What triggered the attack on Yukos and its main shareholder, Mikhail Khodorkovsky, is still a matter of argument. Was it Mr Khodorkovsky’s political ambitions, or his plans to sell a large chunk of the company to Exxon Mobil? Was it his intention to build private pipelines, or the cupidity of the new elite? It was probably all of the above. But what has become clear over the past four years is that Yukos’s fate was sealed once Vladimir Putin became Russia’s president in 2000.
“If the Yukos case had not happened, it would have to have been invented,” says Rory MacFarquhar, an executive director at Goldman Sachs in Moscow. The case partly reversed the legacy of the 1990s during which, through a series of mostly rigged auctions, control of natural resources passed from the discredited Communist party to a group of oligarchs supportive of Boris Yeltsin’s regime. It was unusual by any country’s standards. Mr Khodorkovsky, a businessman and former Young Communist League activist, was one of the prime beneficiaries. His bank arranged the auction of Yukos and ended up as the sole bidder. Any potential rivals had been warned to stay clear and he got the majority of Yukos for a song.
The privatisations successfully dislodged the Communists from the commanding heights of the economy, but also created a lasting sense of injustice in Russia. So when Mr Khodorkovsky began to behave like an independent and legitimate owner of Yukos, negotiating its sale and financing the political opposition, Mr Putin was furious.
The president’s desire to curtail the political and economic influence of the oligarchs was understandable. Mr Putin could have levied a windfall tax on the oligarchs, or renationalised the energy companies and compensated shareholders. Instead, he used the legal and tax systems to bankrupt a healthy company and pass the prize from one elite to another—this time, a group closely tied to the KGB, the Soviet Union’s former security service.
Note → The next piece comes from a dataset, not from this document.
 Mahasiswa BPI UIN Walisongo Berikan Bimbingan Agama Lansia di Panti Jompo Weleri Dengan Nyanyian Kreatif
Russian tsars often banished disloyal aristocrats who prospered under a previous reign and expropriated their wealth. What was new with Yukos was Mr Putin’s pretence that all this was legal. That eroded democratic institutions and further discredited the law by using it as a political instrument. An attack late last year on Royal Dutch Shell (allegedly on environmental grounds) and an earlier economic blockade of Georgia, which was attributed to health regulations, were part of a pattern that began with Yukos.
After a bogus trial conducted by servile judges, Mr Khodorkovsky was sent to a Siberian prison camp and Yukos was broken up and pushed into bankruptcy through ever mounting back-tax claims. The figures did not add up. In December 2004 Yuganskneftegaz, the main production unit of Yukos, was sold in a rigged auction for $9.4 billion to a front company registered in a grocery shop in a provincial town, which was then bought by Rosneft. (When Rosneft came to float its shares on the London Stock Exchange, the same asset was valued at close to $60 billion.) The sums kept changing, but the formula stayed the same: the tax bill always ended up exceeding the value of Yukos’s assets.
By the time Yukos’s last assets were auctioned (undervalued by about 25%, says Al Breach of UBS, a Swiss bank) there was a sense of inevitability rather than outrage. Russian and foreign energy companies such as TNK-BP and Italy’s Eni and Enel took part to ingratiate themselves with Rosneft and Gazprom, the gatekeepers of Russian resources. Big foreign banks bent over backwards to earn the Kremlin’s favour. The government “left enough crumbs on the table” to keep foreign businesses happy, says Mr MacFarquhar.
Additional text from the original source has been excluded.